WHAT THE EXERCISE ASKS: Every line of the listing should be retyped exactly, but none of the pictures should be.

THE INPUT:
= = = = = = =

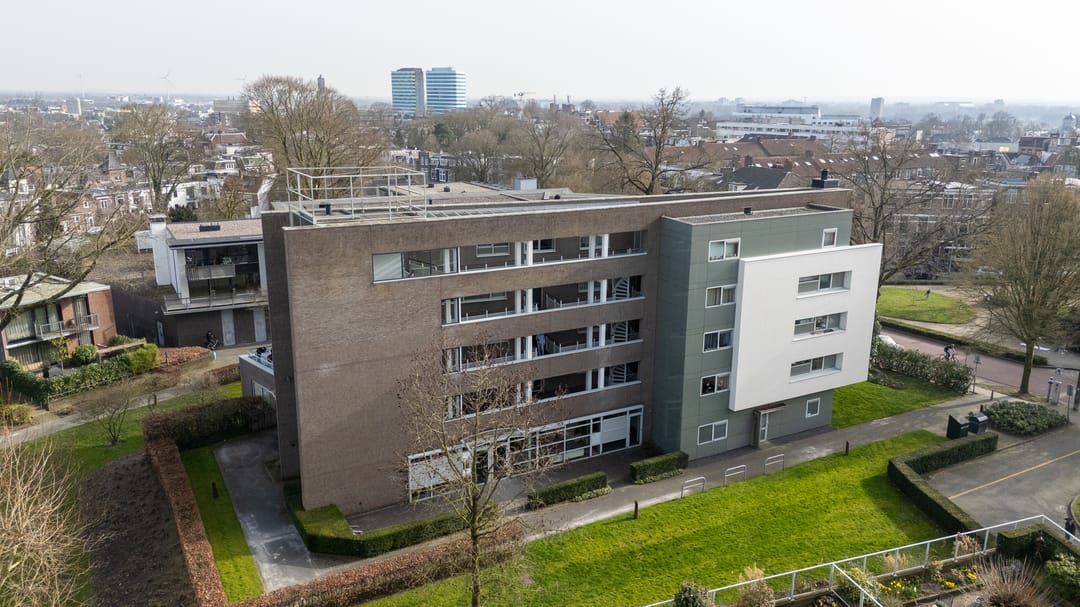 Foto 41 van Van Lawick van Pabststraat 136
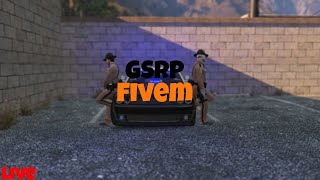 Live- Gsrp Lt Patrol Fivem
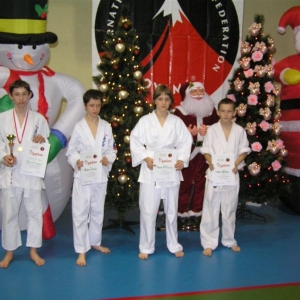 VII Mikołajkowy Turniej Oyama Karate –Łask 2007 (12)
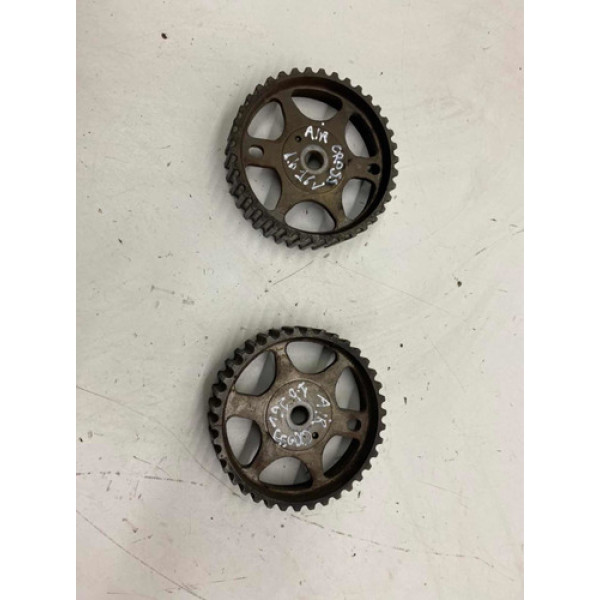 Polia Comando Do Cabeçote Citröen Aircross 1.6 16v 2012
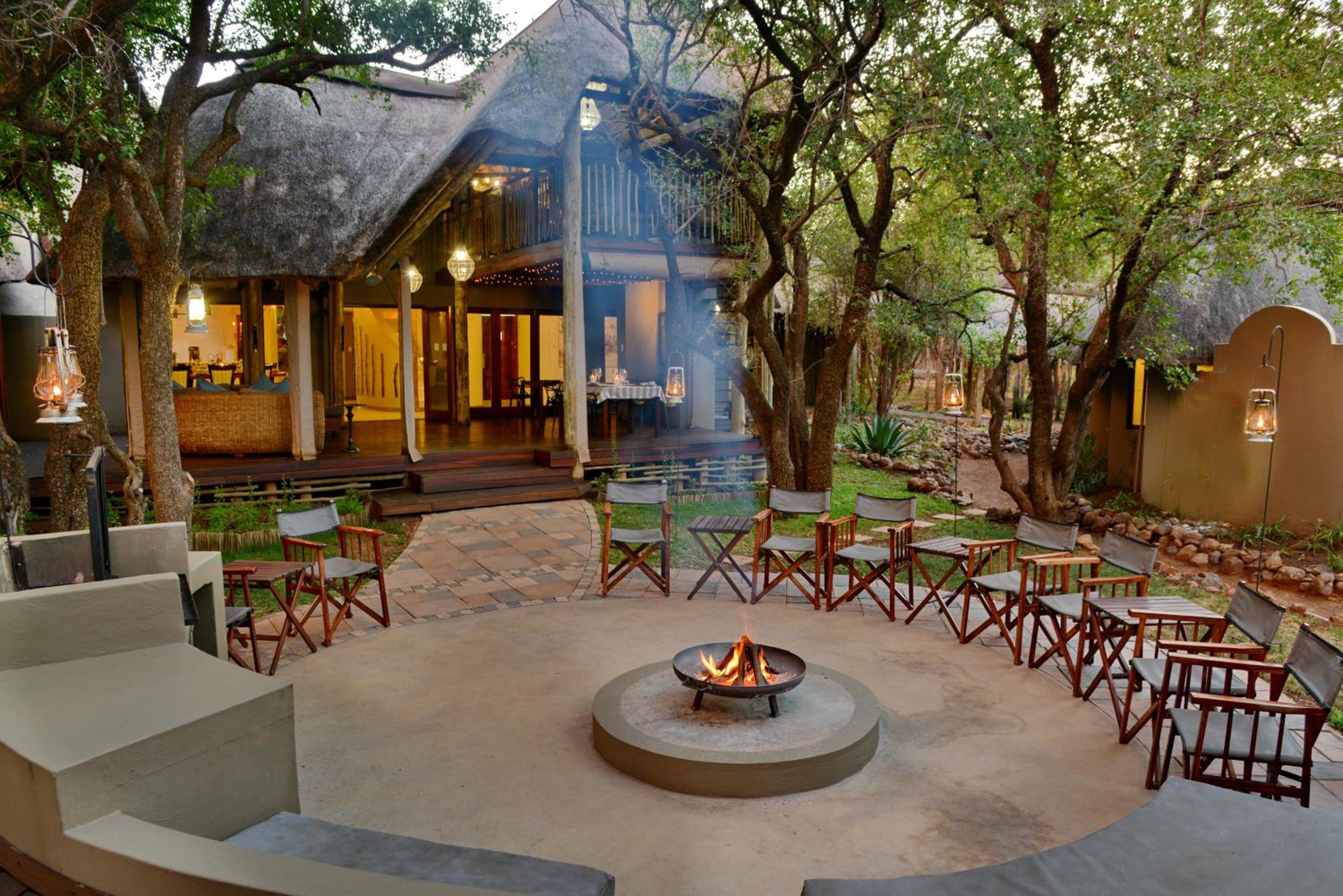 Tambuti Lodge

= = = = = = =

SOLUTION TO THE EXERCISE:
 Foto 41 van Van Lawick van Pabststraat 136
 Live- Gsrp Lt Patrol Fivem
 VII Mikołajkowy Turniej Oyama Karate –Łask 2007 (12)
 Polia Comando Do Cabeçote Citröen Aircross 1.6 16v 2012
 Tambuti Lodge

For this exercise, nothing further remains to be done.